Crítica - Rainha de Copas (2019)

Realizado por May el-Toukhy
Com Trine Dyrholm, Gustav Lindh, Magnus Krepper, Liv Esmår

Candidato da Dinamarca ao Óscar de Melhor Filme Estrangeiro, “Rainha de Copas” não conseguiu a nomeação final, mas foi um dos concorrentes mais interessantes da categoria, sendo mais um bom exemplo da vitalidade e da diferença que o cinema nórdico promove! Mas esta obra de May el-Toukhy vai mais além da diferença e entre até num caminho de irreverência ao abordar, sem pudor, temas bem complexos como comportamentos sexuais inapropriados, relações abusivas, ligações familiares dúbias e estranhas ironias profissionais! Todos estas temas são incorporados na saga dramática de Anne, uma respeitada advogada com um casamento aparentemente feliz ao lado de Peter, com quem tem duas filhas pequenas.

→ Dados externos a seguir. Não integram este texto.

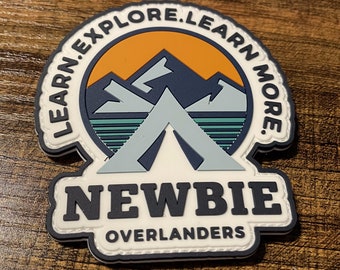 May include: White patch with black text that reads "NEWBIE OVERLANDERS". The patch has a graphic of a tent in front of mountains with a sunset behind them. The text "LEARN. EXPLORE. LEARN MORE." is around the graphic.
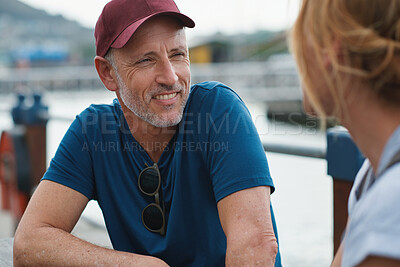 Buy stock photo Man, travel and conversation in harbor for holiday, date and smile for summer bonding. Mature couple, woman and tourist with connection, vacation and together for honeymoon or romance on waterfront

Mas tudo se desmorona quando Gustav, fruto de um casamento anterior de Peter, muda-se para sua casa. Anne depressa cria laços com o adolescente, nunca prevendo que a relação entre eles depressa se transformará numa paixão descontrolada e trágica, sustentada por abuso de poder e manipulação. 
Por muito que possa não parecer, “Rainha de Copas” explora, na sua base, uma relação que, quer moralmente, quer juridicamente é repreensível. É certo que pode até configurar uma fantasia pornográfica recorrente, mas ainda assim “Rainha de Copas” faz questão de realçar a seriedade de todas as questões que tal relação que domina o filme do início ao fim promove num debate sobre o que é certo ou errado. E o filme é brilhante na forma como explora tal relação para demonstrar a forma como o desejo e, acima de tudo, o abuso de poder podem cimentar ações impróprias com consequências tenebrosas. 

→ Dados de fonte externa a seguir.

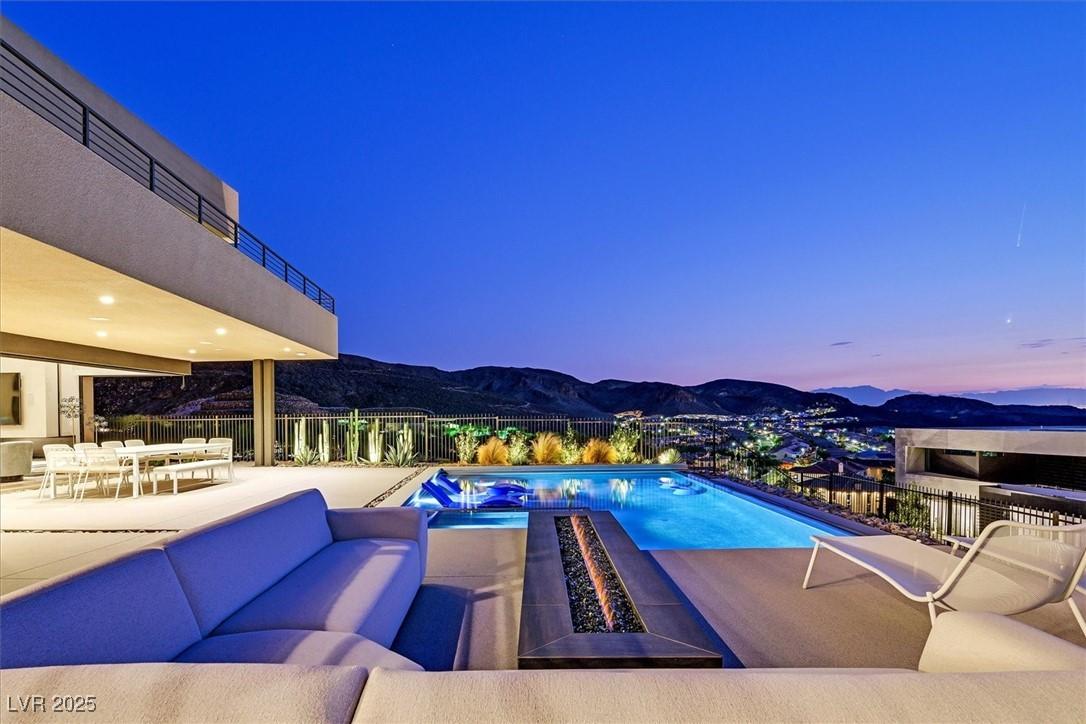 Image 3: View of pool with a mountain view, a patio, an out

Não estamos, portanto, perante um típico filme romântico com uma simples relação que merece um final feliz. É sim um irreverente drama familiar que vai a fundo em relação a questão bem complexas, como os abusos sexuais e emocionais que se podem esconder no seio de uma relação imprópria mas aparentemente consensual. Mas “Rainha de Copas” promove um brilhante trabalho na hora de questionar até que ponto é que a relação entre a protagonista e o seu jovem amante quase incestuoso é consensual, dando enfâse ao poder que Anne exerce sobre o jovem e desenvolvendo a sua personalidade que se revela fortemente narcisista e malévola. 

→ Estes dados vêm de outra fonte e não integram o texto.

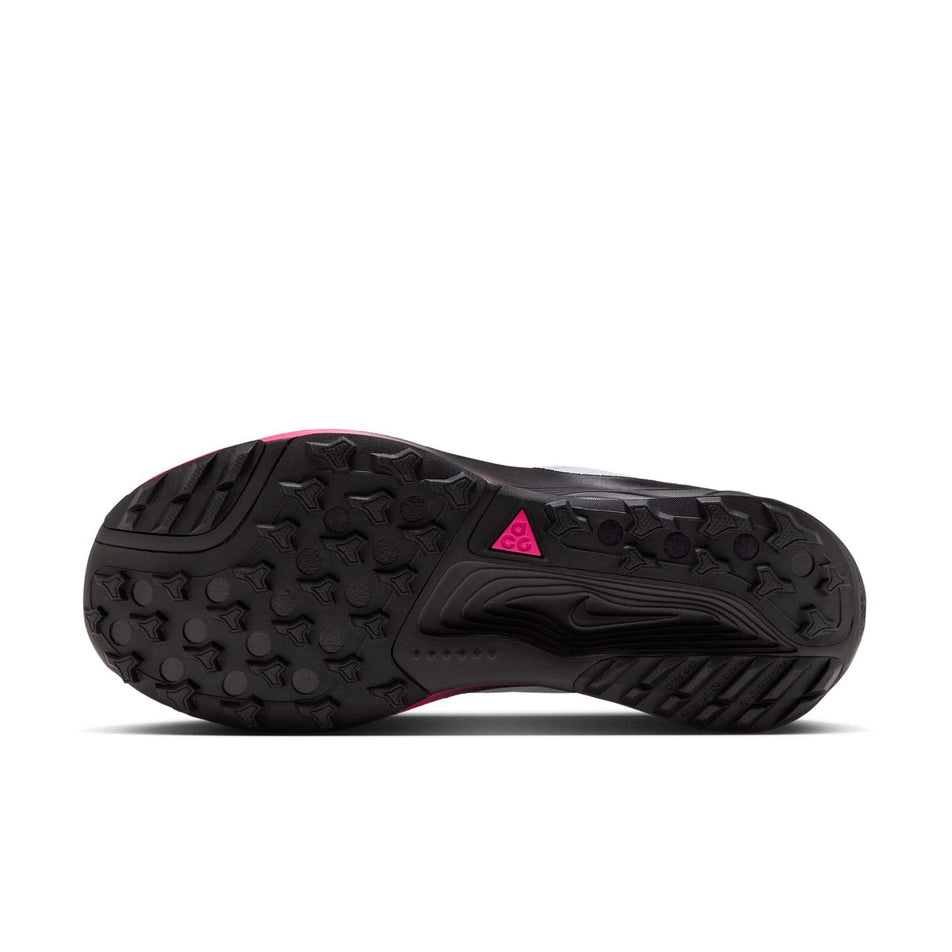 The outsole of the right shoe from a pair of Nike Men's ACG Pegasus Trail Running Shoes in the Pure Platinum/Black-Hyper Pink colourway.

E “Rainha de Copas” também promove deliciosas alegorias, como por exemplo com o clássico "Alice no País das Maravilhas", mas acima de tudo é brilhante nas suas ironias, como o facto de Anne ser uma advogada de direito da família que, ironicamente, envolve-se numa relação imprópria com um menor e pratica comportamentos que ela própria contraria quando defende os seus clientes. Este é só um dos exemplos do brilhantismo deste projeto que, sim, pode até usar e abusar de sequências provocantes com sexo para chocar o espectador. Mas por detrás destas sequências não está apenas um desejo básico de chocar, mas sim de um desejo de ir mais além, sendo tal desejo suportado por um conteúdo e um contexto bastante fortes. 
É por isso que “Rainha de Copas” revela-se um filme excecionalmente diferente, onde o sexo é apenas um meio para passar várias ideias poderosas e importantes com forte correlação para o mundo real. Se colarmos de parte o elemento de fantasia sexual que rodeia a relação sexual central, então vemos facilmente que a mesma é uma má relação promovida essencialmente por uma Anne que abusa da sua posição de poder para ter aquilo que quer! E é essa a grande mensagem desta obra que promove tal mensagem de uma forma brilhante através de um enredo muito bem montado e de uma direção talentosa de May el-Toukhy.